On Mar 27, 2007, at 1:03 PM, Robert Mullen wrote:

> I can see shades of this in the information I have gathered so far.  
> I hope (and it is a somewhat naïve hope I will admit) that Apple  
> will recognize that the release of Vista may have given them an  
> entry point on the business desktop that has not existed before. I  
> am writing this email from a Vista desktop and can say that as  
> promising as some of the technologies are, the desktop simply is  
> not ready for prime time. Apple integration of a Unix backend  
> positions them exceptionally well from a strategic standpoint *but*  
> they must execute. If they make the lock in mistake they will miss  
> this opportunity IMO. None of that is to say they should not focus  
> their primary resources on Cocoa which is a nice framework but they  
> must realize that the time to get their foot in the door is now and  
> the most immediate way to do that is via Mono. Cocoa-Objective C is  
> not ready to be a business application development platform. I  
> think Cocoa has potential but am less certain of Objective C.  
> Clearly a strength of Microsoft is their developer tools and APIs.  

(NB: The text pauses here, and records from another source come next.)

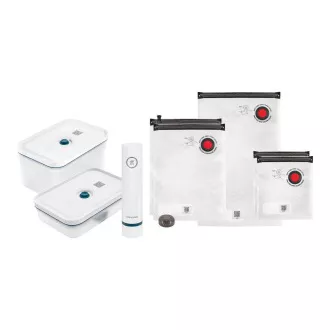ZWILLING vákuová sada, 2x plastová nádoba, 5 sáčkov, vákuová pumpa, modrá - Fresh & Save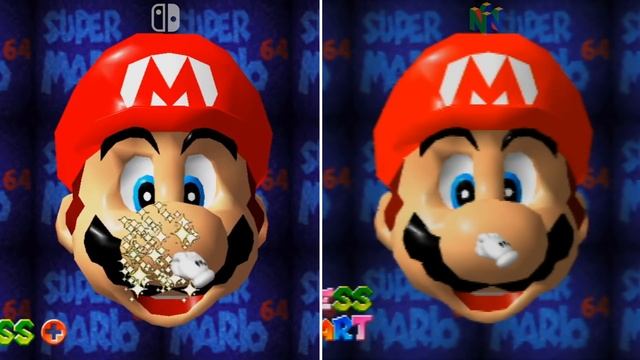 Super Mario 3D All-Stars Graphics Comparison: Mario 64 (Switch vs. N64) смотреть онлайн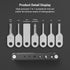 SMALLRIG Folding Tool Set with Screwdrivers and Hex Key Wrenches, Seven Functional Tools Included (Black) - 4681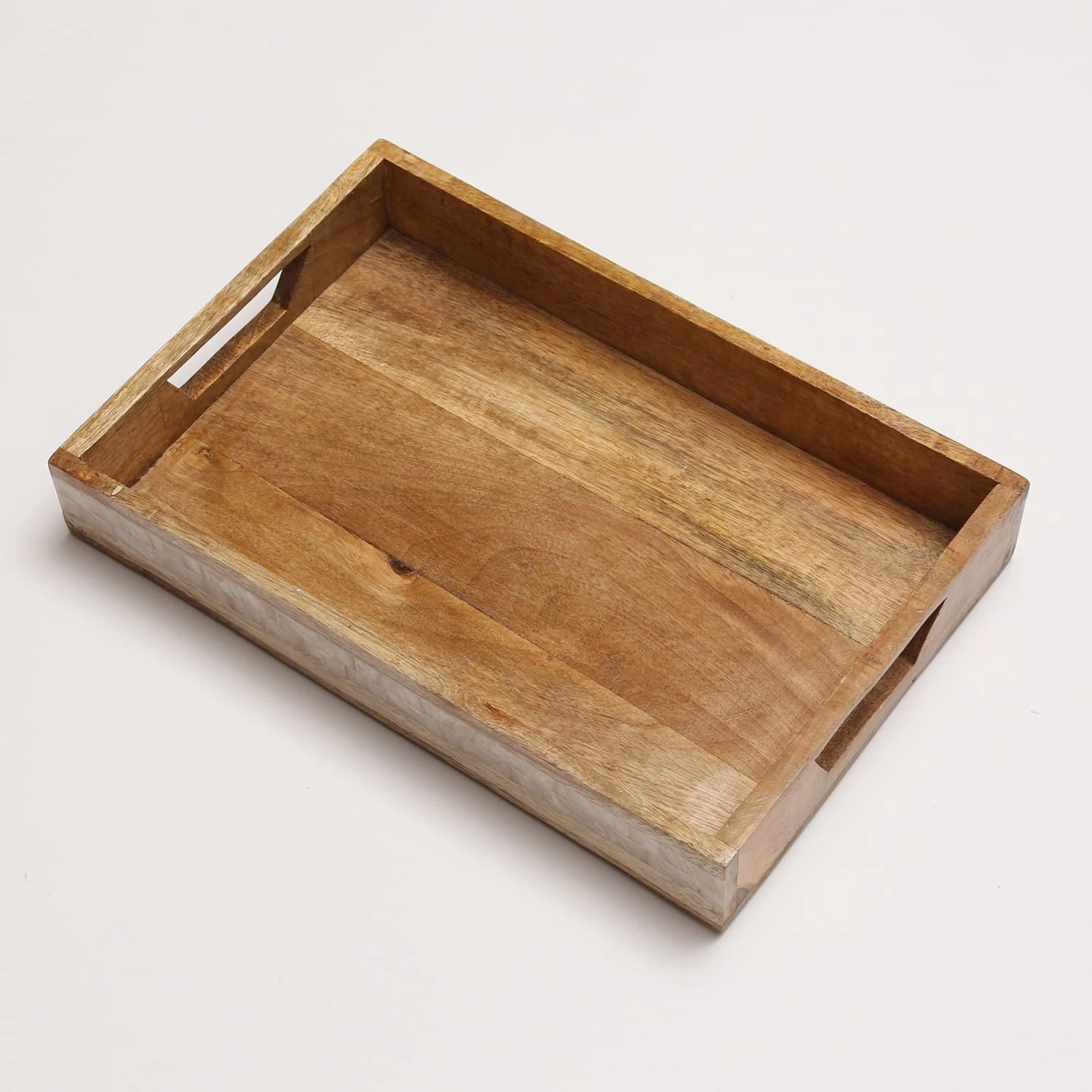 Tablett Aus Mangoholz In Braun - L: 37,5cm 3 Tablett Aus Mangoholz In Braun - L: 37,5cm – Bild 3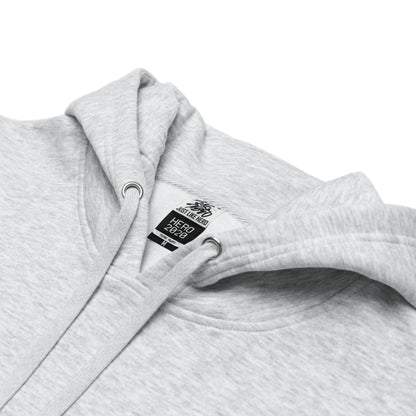 HERO-2020 Unisex Blank Hoodie - Ash Heather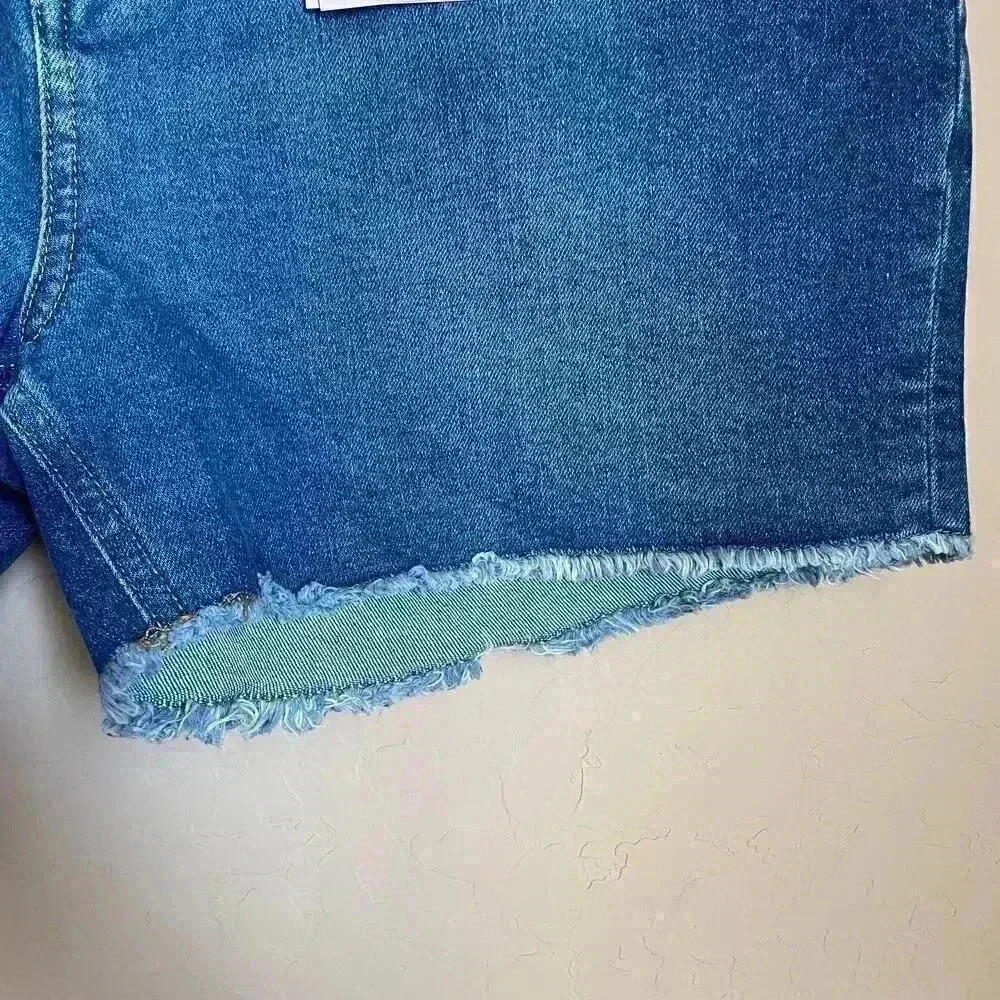 Boden Salcombe Denim Shorts 4"‎ Inseam Frayed Hem Medium Blue Wash Cotton 8 NWT - Picture 3 of 9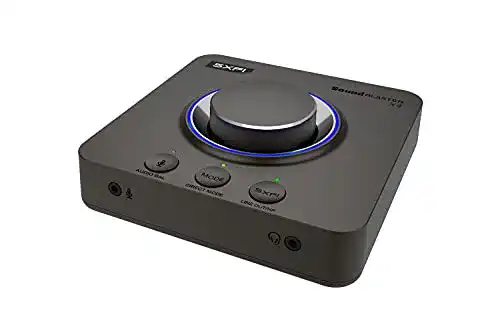 Creative Sound Blaster X4 HD 7.1 USB DAC Soundkarte für PC und Mac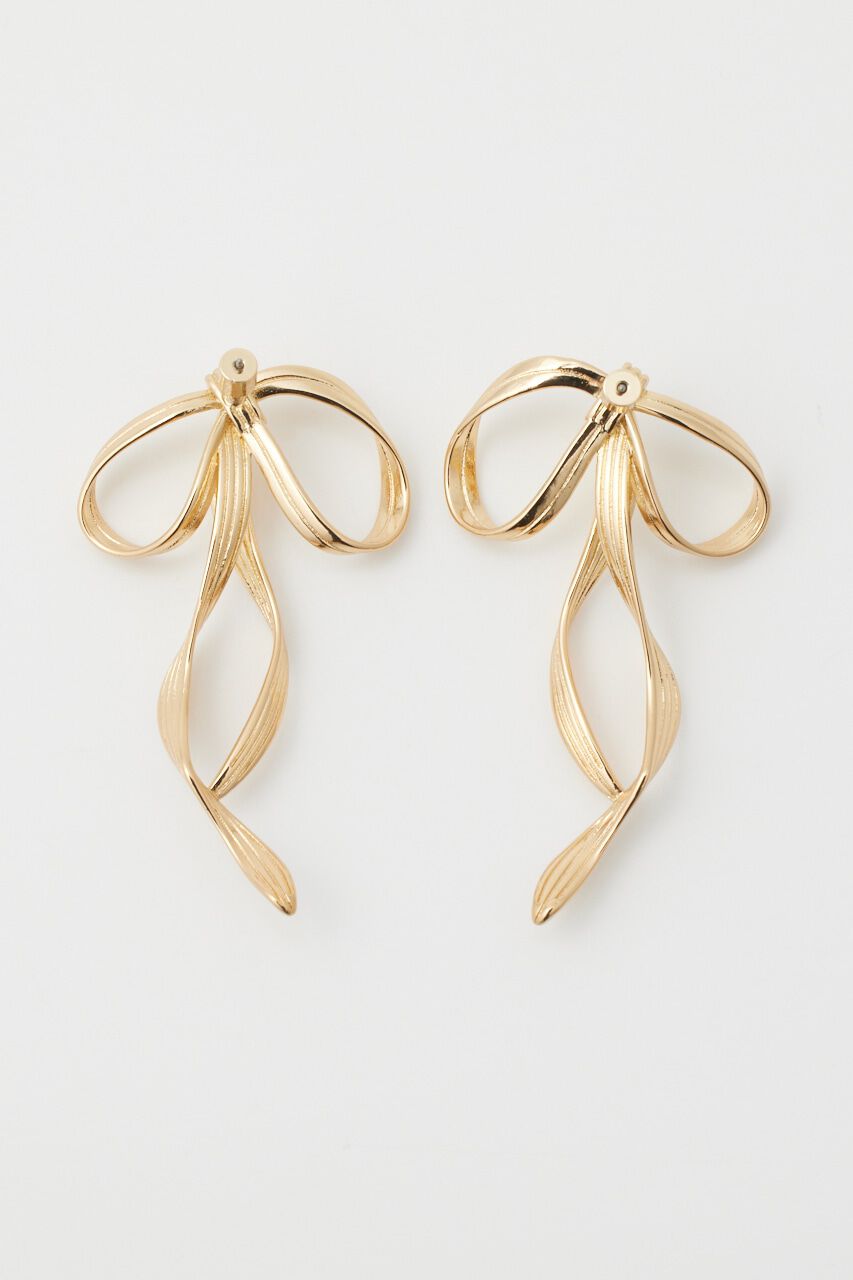 rienda「メタリックリボンピアス」|ピアス|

> I have developed on these as my primary responsibility for my  
> entire career and have seen the progression which has been  
> impressive. With Mono, a large developer base can be leveraged and  
> that alone eases a major cost of transition. I guess the question  
> becomes whether Apple is content with the "Creative" niche as far  
> as business desktops go or whether they really want to challenge  
> for dominance. If they want to challenge they need to ease the path  
> of transition for those willing early adopters and do what they can  
> to minimize the risk of transition. It is a monumental task for a  
> Windows shop.
>
> I will be going to my first WWDC this year and hope to meet some  
> likeminded individuals and possibly make some contacts within Apple  
> itself. The company I work for was a pioneer adopter of Intel- 
> Windows in our industry (we were actually featured in Intel  
> brochures) and we think the time may be coming for another  
> pioneering effort. We hope to find Apple to be supportive. As  
> a .NET shop that would almost certainly have to include Mono as a  
> foundational piece.
>
>
>
> From: mono-osx-bounces at lists.ximian.com [mailto:mono-osx- 
> bounces at lists.ximian.com] On Behalf Of Eoin Norris
> Sent: Tuesday, March 27, 2007 3:01 AM
> To: Andrew Satori; Mono-OSX List
> Cc: Miguel de Icaza
> Subject: Re: [Mono-osx] An open letter to the OS X Mono group.
>
>
> If Apple step up to the plate on mono they will, I think, be  
> pushing their own core technologies ( read : Cocoa) as well as  
> mono. i think they may be interested in some version of the  
> dumbarton project, if anything. Were mono to be the main platform  
> for development on the Mac, then the OS/AppKit team would not be in  
> a position to innovate for developers.. If you read Apple's spiel  
> on it's newest operating system releases the marketing does not  
> focus on just what is available for consumers, but what new  
> technologies are available for developers - and this is standard  
> marketing guff sold to everyone not just sold on specific developer  
> mailing lists ( the latest such technology to be touted is Core  
> Animations, a Cocoa framework for cool animations probably used in  
> the iPhone).
>
> It is a stretch to believe that they will create these technologies  
> and immediately port them to mono ( which in any case could create  
> a disconnect between the Apple mono api set and the standard api set).
>
> The API defines the OS, to a large extent. As does the UI.
>
> That said, this year's WWDC is about  getting windows developers  
> onto the Mac. I wonder if a senior representative on this list  
> could point Apple developer connection to the possibilities of   
> using mono, Cocoa#, or Dumbarton/Objective C on the Mac  . I think  
> Apple would be most amenable to promoting a mono back-end, and a  
> cocoa front-end.
>
> However, they may not be following the possibilities of mono on the  
> Mac, at all, but this is the year to push it.
>
> -- Eoin Norris
>
>
>
> On 27 Mar 2007, at 03:13, Andrew Satori wrote:
>
>
>  Until a big
> player, (and I think that player almost *has* to be Apple) steps up,
> I don't think we'll ever get enough Mac specific resources to get
> Mono on the Mac to be a full peer to Mono on Linux.